Cuculcan étant parti, les seigneurs s’accordèrent pour le bon ordre et la durée de la république à donner le commandement principal à la maison des Cocomes[43], soit parce qu’elle était la plus ancienne ou la plus riche, soit que celui qui était à sa tête, en ce temps-là, fût l’homme le plus considérable. Cela fait, voyant qu’il n’y avait dans l’intérieur de l’enceinte que des temples et des maisons pour les seigneurs et le grand prêtre, ils ordonnèrent que l’on construisît au dehors d’autres maisons où chacun d’eux pût avoir, au besoin, des gens de service, et où ceux de leur province pussent trouver place, quand ils viendraient à la capitale pour leurs affaires: chacun alors établit dans sa maison un intendant, lequel portait pour insigne un bâton court et gros, qu’ils appelaient Caluac; celui-ci avait à sa charge les diverses localités de la province et ceux qui les gouvernaient; ceux-ci, à leur tour, recevaient l’avis de ce qui était nécessaire dans la maison du seigneur, comme les oiseaux, le maïs, le miel, le sel, le poisson, le gibier, les étoffes et autres choses. Quant au Caluac, il assistait toujours dans la maison de son seigneur, afin de voir ce qui y manquait et de la pourvoir de tout aussitôt, sa maison étant comme l’office du palais.

On avait coutume de rechercher dans les villes et villages les estropiés et les aveugles, afin de leur donner le nécessaire.

Les seigneurs pourvoyaient au gouvernement de ces localités et confirmaient les fils dans les emplois de leurs pères, s’ils le tenaient pour agréable; ils leur recommandaient de traiter avec bienveillance le pauvre peuple, de maintenir la paix et de faire en sorte que les gens s’occupassent de leurs travaux, pour se sustenter eux-mêmes ainsi que leurs seigneurs.

Tous les seigneurs avaient l’obligation de visiter, de respecter et de réjouir Cocom, l’accompagnant, lui faisant fête et se réunissant autour de lui pour toutes les négociations importantes.
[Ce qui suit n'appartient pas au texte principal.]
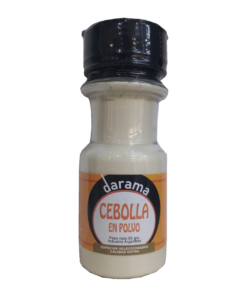 DARAMA DARAMA CEBOLLA EN POLVO 65G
Ils vivaient en paix les uns avec les autres, ayant beaucoup de divertissements, durant lesquels ils s’entretenaient en danses, en festins et en chasses, suivant leur usage.

Les indigènes du Yucatan n’étaient pas moins attentifs aux choses de la religion qu’à celles du gouvernement. Ils avaient un grand prêtre qu’ils nommaient Ahkin-Mai et autrement Ahau-Can-Mai, ce qui veut dire le Prêtre-Mai ou le Grand Prêtre-Mai[44]: c’était un personnage très-respecté des seigneurs, qui n’avait eu aucune part à la distribution des domaines; mais, en outre des offrandes, les seigneurs lui faisaient des présents, et les prêtres de toutes les communes lui apportaient une contribution. Les fils ou les parents les plus proches succédaient au grand prêtre dans sa dignité: en lui était la clef de leurs sciences, et c’était à quoi ils s’appliquaient le plus; car c’étaient les prêtres qui donnaient des conseils aux seigneurs et des réponses à leurs questions. Quant aux choses qui avaient rapport aux sacrifices, ils en traitaient rarement en dehors des fêtes principales ou des assemblées réunies pour des affaires importantes. C’était le grand prêtre qui nommait les prêtres, quand ils venaient à manquer dans les communes, les examinant auparavant dans les sciences et les cérémonies: il leur recommandait les choses de leur office et le bon exemple envers le peuple, les pourvoyaient des livres à leur usage, après quoi il les envoyait; ceux-ci à leur tour s’employaient au service des temples, à enseigner leurs diverses sciences comme à écrire les livres qui les contenaient.